A Short Odyssey in the Outer Hebrides Part 4/4

Whisky Galore – soon

Low grey clouds beckoned us forward and south on our last morning across Lewisian terrain that we were now familiar with, but including some fine lochs, set deep into the landmass, some smaller ones called Lochans, and also some tiny ones, Lochlets? Respect for ancestry and history was evident with modern cemeteries enclosing and enfolding ancient standing stones. We slid down beside glaciated Seaforth Fjord reaching seven miles inland and opening onto the Minch, leaving it behind us; and ahead of us lay Harris’ vast mountain range. The ease with which our little red car shoots up Mt Clisham hides the fact it is the highest mountain in Harris at 799 metres. It was foggy up there at the summit of Ardhasaig and yellow snow poles alongside the road showed how bleak and inhospitable it would once again be in just a few months’ time.

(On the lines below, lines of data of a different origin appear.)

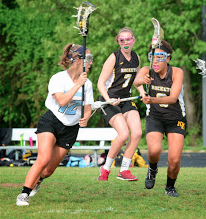 Midfielder Maddie Parker carries the ball down the field in the Vikes 12-11 win over the Richard Montgomery Rockets.  Photo courtesy Shelly Dane.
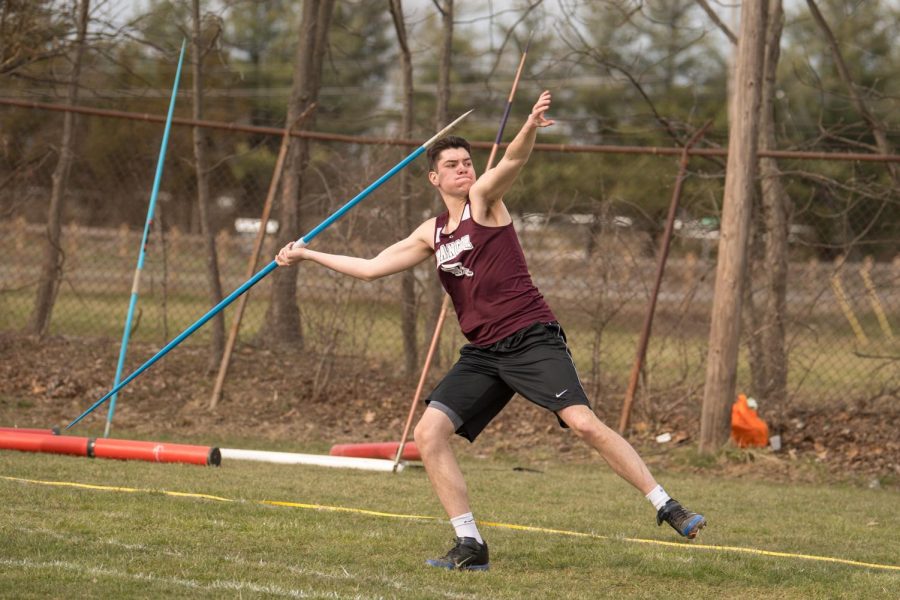 YEAH, I THROW. Senior Ryan Bailey gives it his all as he throws the javelin. Ryan threw a personal best at the league meet and placed third.
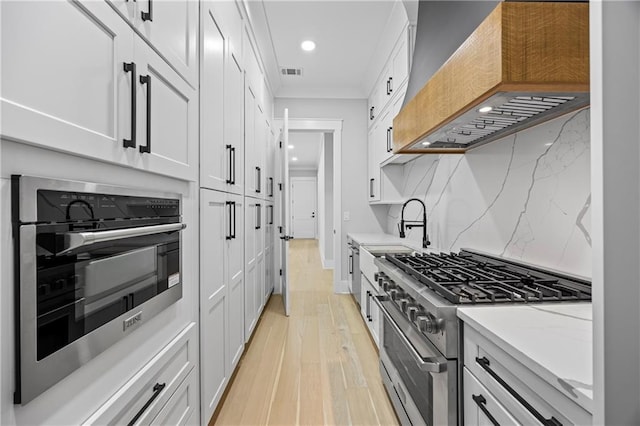407 Thunder Rd, Buford, GA 30518 - kitchen with premium range hood, high end stainless steel range oven, recessed lighting, crown molding, and light wood-style floors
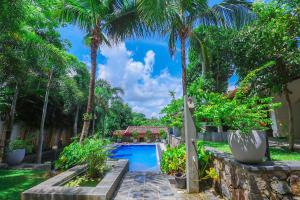 einen Pool in einem Garten mit Palmen in der Unterkunft Terrace Garden Ayurveda Resort in Weligama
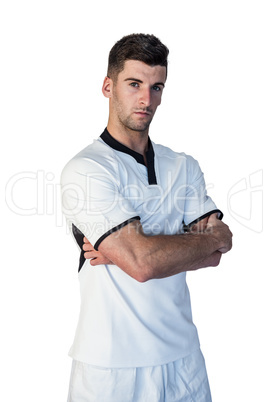 Portrait of a rugby player with arms crossed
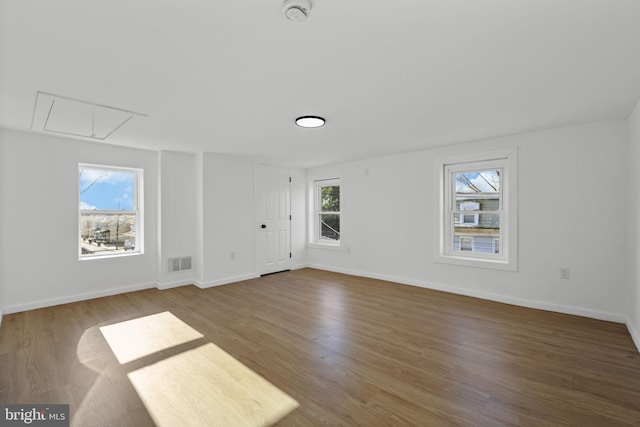 unfurnished room with hardwood / wood-style floors and a healthy amount of sunlight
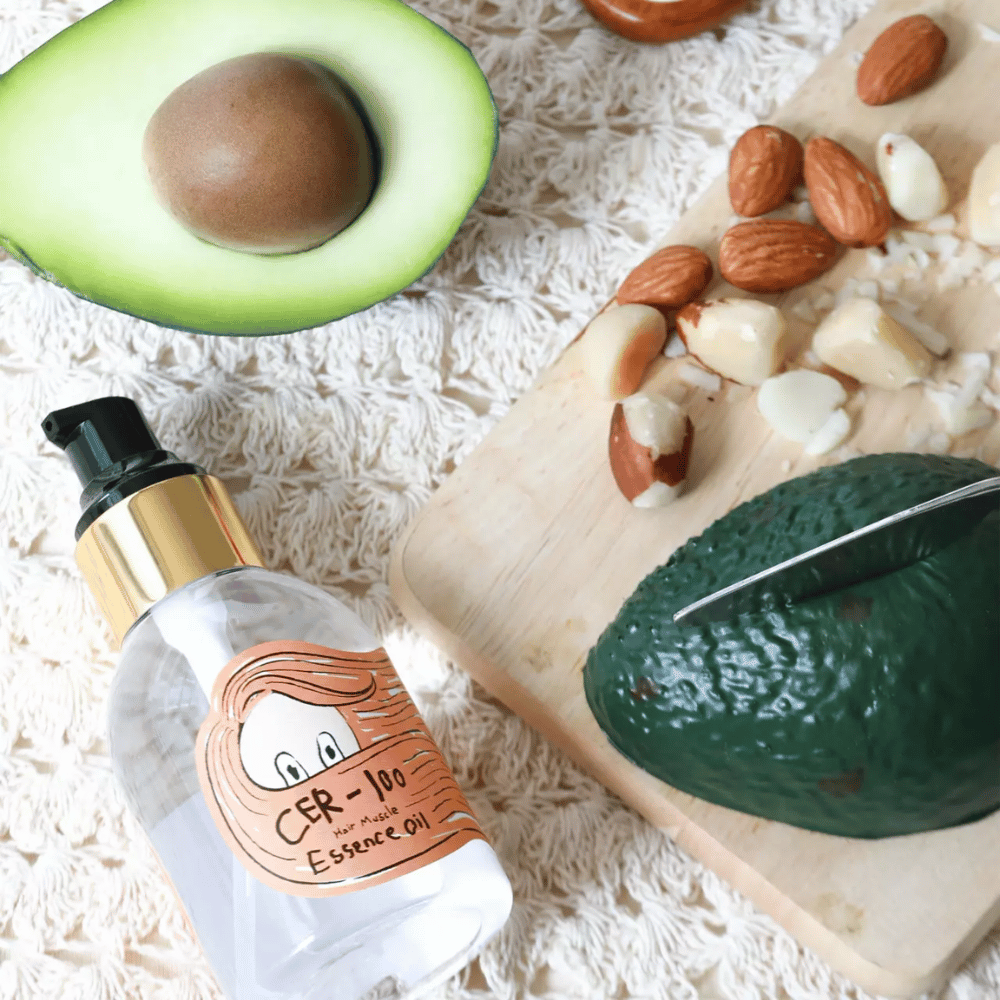 Elizavecca CER-100 Hair Muscle Essence Oil składniki – zbliżenie z awokado i olejami roślinnymi pokazujące odżywczy olejek do włosów, który pomaga zmiękczyć i pielęgnować włosy.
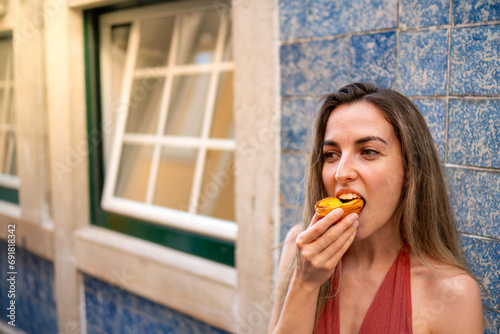 Close-Up, Frontal View of young Woman Enjoying a Traditional Portuguese Pastel de Nata, Captured Horizontally in Daylight
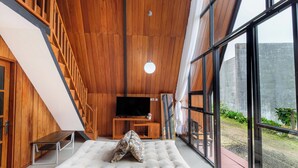 A modern interior with a wooden ceiling, a sofa, a television, and large windows. - Villa Platinum 2 (Dieng Kulon)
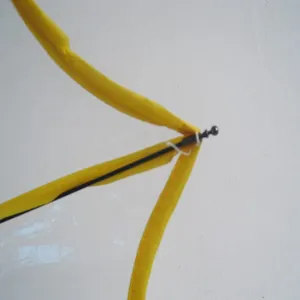 Close-up detail of transparent umbrella rib structure with yellow trim for clear view.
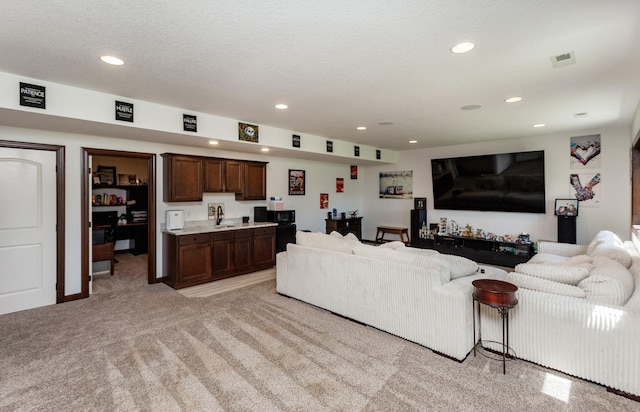 218 34th St SE, Altoona, IA 50009 - living area with light colored carpet and recessed lighting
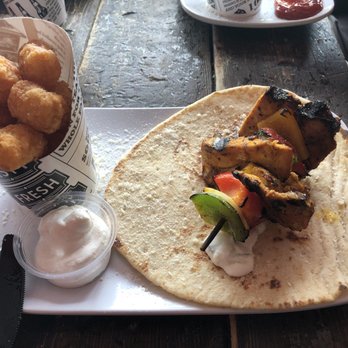 The Loaded Slate - Moroccan Chicken Kabob with delightful tator tots - Pubs Near Me - Milwaukee, Wisconsin
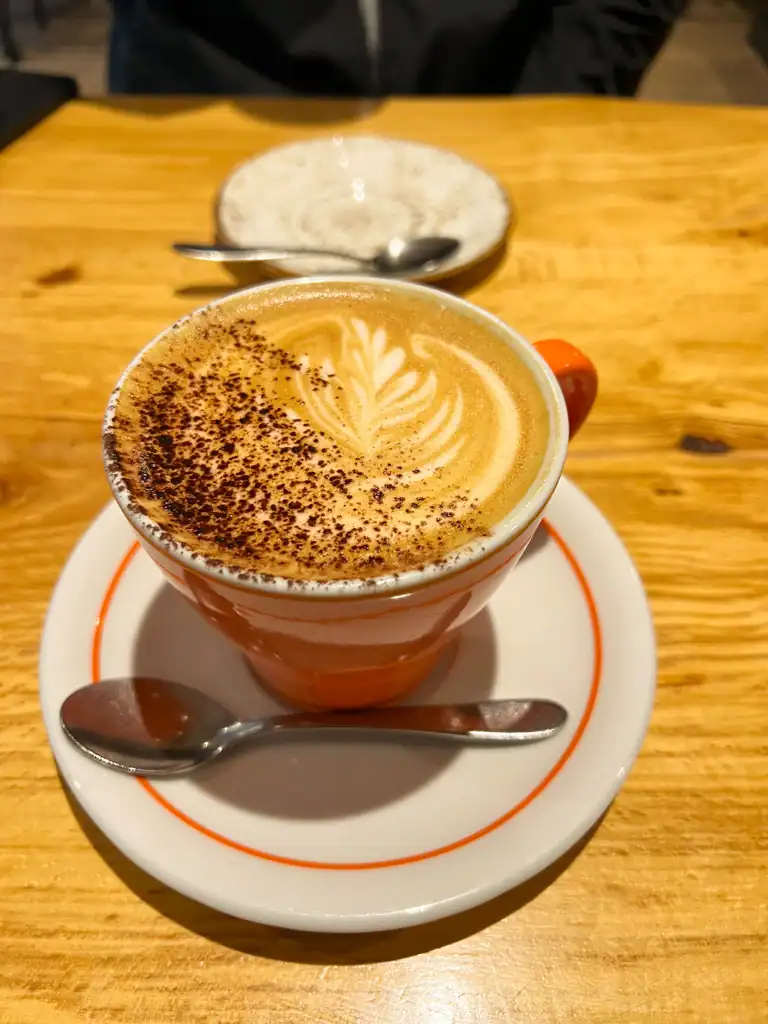 A perfect latte with a spoon, leaf design and cinnamon sprinkled on top. 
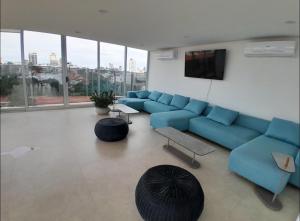ein Wohnzimmer mit einer blauen Couch und einem großen Fenster in der Unterkunft DEPARTAMENTO EN EQUIPETROL CON PISCINA ATEMPERADA- GYM Y PARQUEO GRATIS, CERCA DEL VENTURA MALL , LOS TAJIBOS, MANZANA 40 y SUPERMERCADOS in Santa Cruz de la Sierra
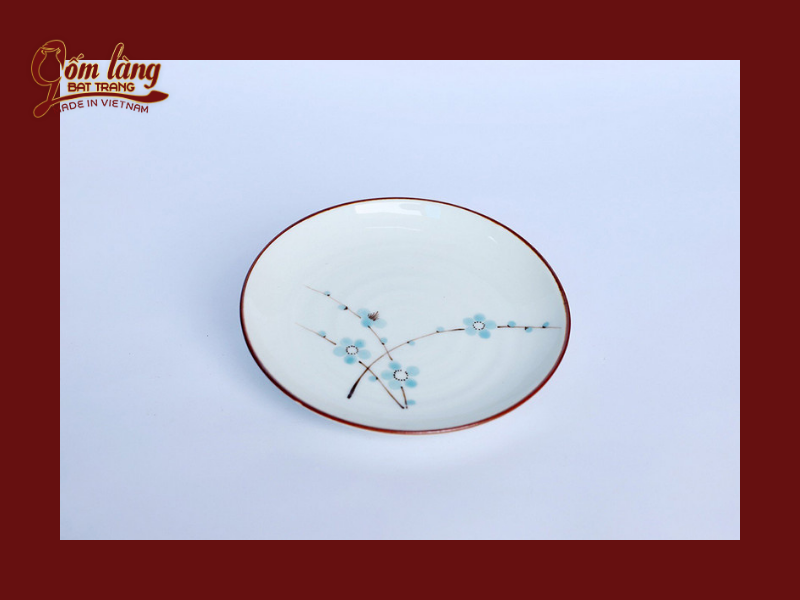 Mẫu đĩa tròn Bát Tràng men kem vẽ hoa đào xanh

Our hopes for a little liquid hospitality and a gin tour at the newly formed (2015) Harris Distillery were dashed for a couple of reasons; despite the brochure saying tours were available six days a week, four other couples were as disappointed as us. Secondly, although we could buy their gin in the shop, their first batch of Hearach (Isle of Harris dweller) Whisky is still sitting, maturing in bourbon barrels and sherry butts, to be released to a thirsty world on September 23rd this year. The first reason was unacceptable, the second, understandable.

Eight of the nine botanicals used, and the kelp, help create their maritime gin

Their creation ethos and vision described in their own words; ‘was driven by a deep, abiding love for this place and its people. We have created a ‘Social Distillery’, with the future of Harris at its heart, an enterprise that will thrive for generations to come.’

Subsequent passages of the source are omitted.